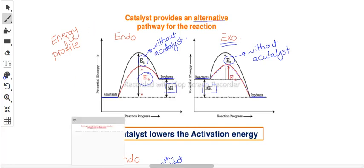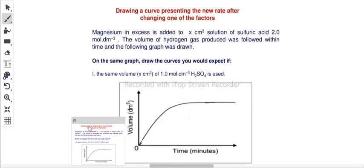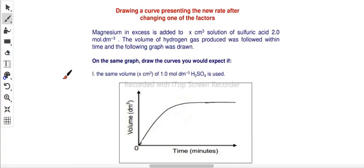We're going to stop here and continue later with how the factors affecting rate of chemical reaction influence your graphs and curves. Thank you for today. We'll see you next time.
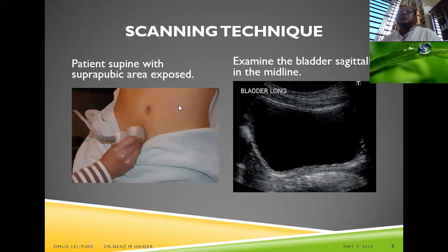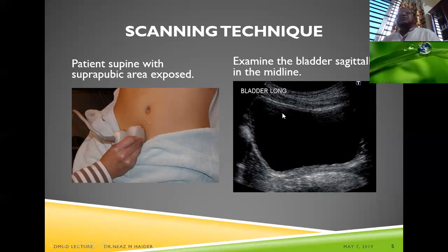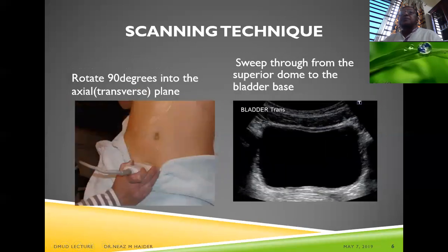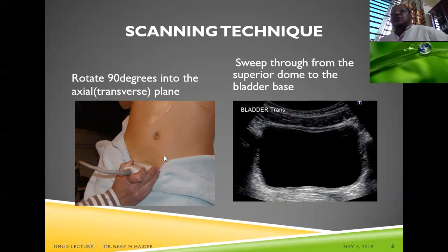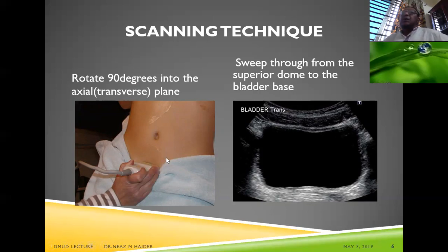With the patient lying supine, we place the transducer in the longitudinal plane to obtain a long-section view of the urinary bladder. We then rotate the transducer 90 degrees to obtain the axial or transverse plane — the short section. In every ultrasound examination, we scan in at least two orthogonal planes to increase our diagnostic confidence.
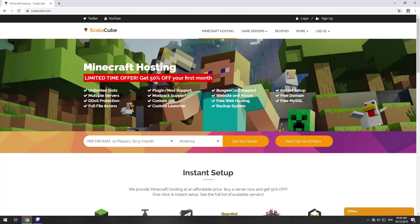Hello! Today I will show you how to make your own Minecraft server on ScalaCube.com.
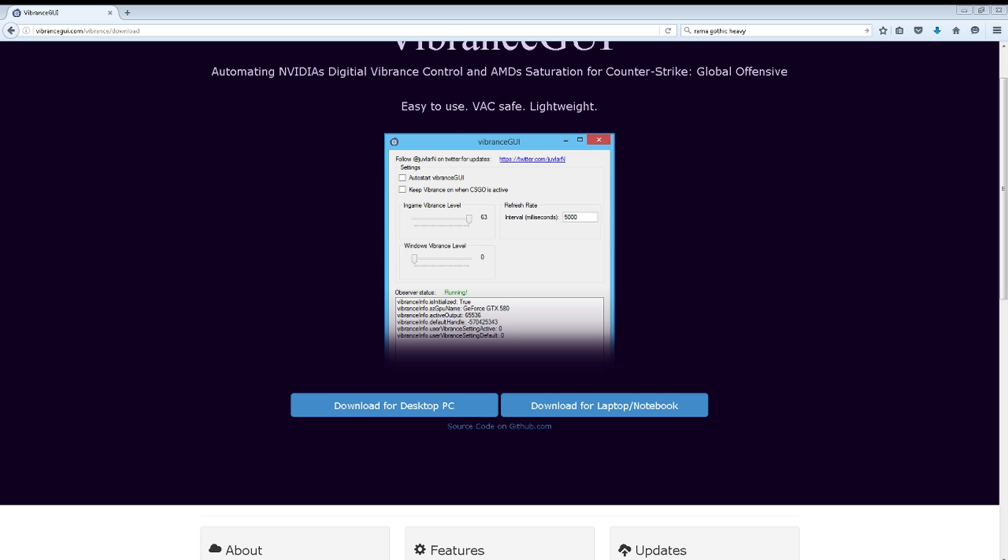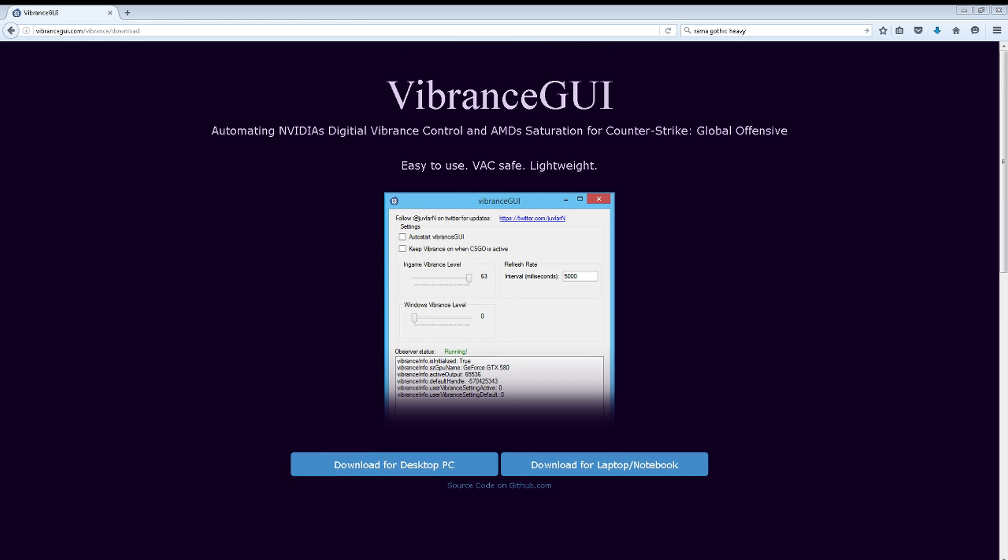What is up guys, Recky here. Today we're going to be looking at how to spot enemies easier using VibranceGUI. VibranceGUI is a digital vibrance control specifically made for Counter-Strike: Global Offensive.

=== Directions ===
Leave out the pictures, then return every line of the data exactly.

=== The answer ===
We're going to stop here and continue later with how the factors affecting rate of chemical reaction influence your graphs and curves. Thank you for today. We'll see you next time.
With the patient lying supine, we place the transducer in the longitudinal plane to obtain a long-section view of the urinary bladder. We then rotate the transducer 90 degrees to obtain the axial or transverse plane — the short section. In every ultrasound examination, we scan in at least two orthogonal planes to increase our diagnostic confidence.
Hello! Today I will show you how to make your own Minecraft server on ScalaCube.com.
What is up guys, Recky here. Today we're going to be looking at how to spot enemies easier using VibranceGUI. VibranceGUI is a digital vibrance control specifically made for Counter-Strike: Global Offensive.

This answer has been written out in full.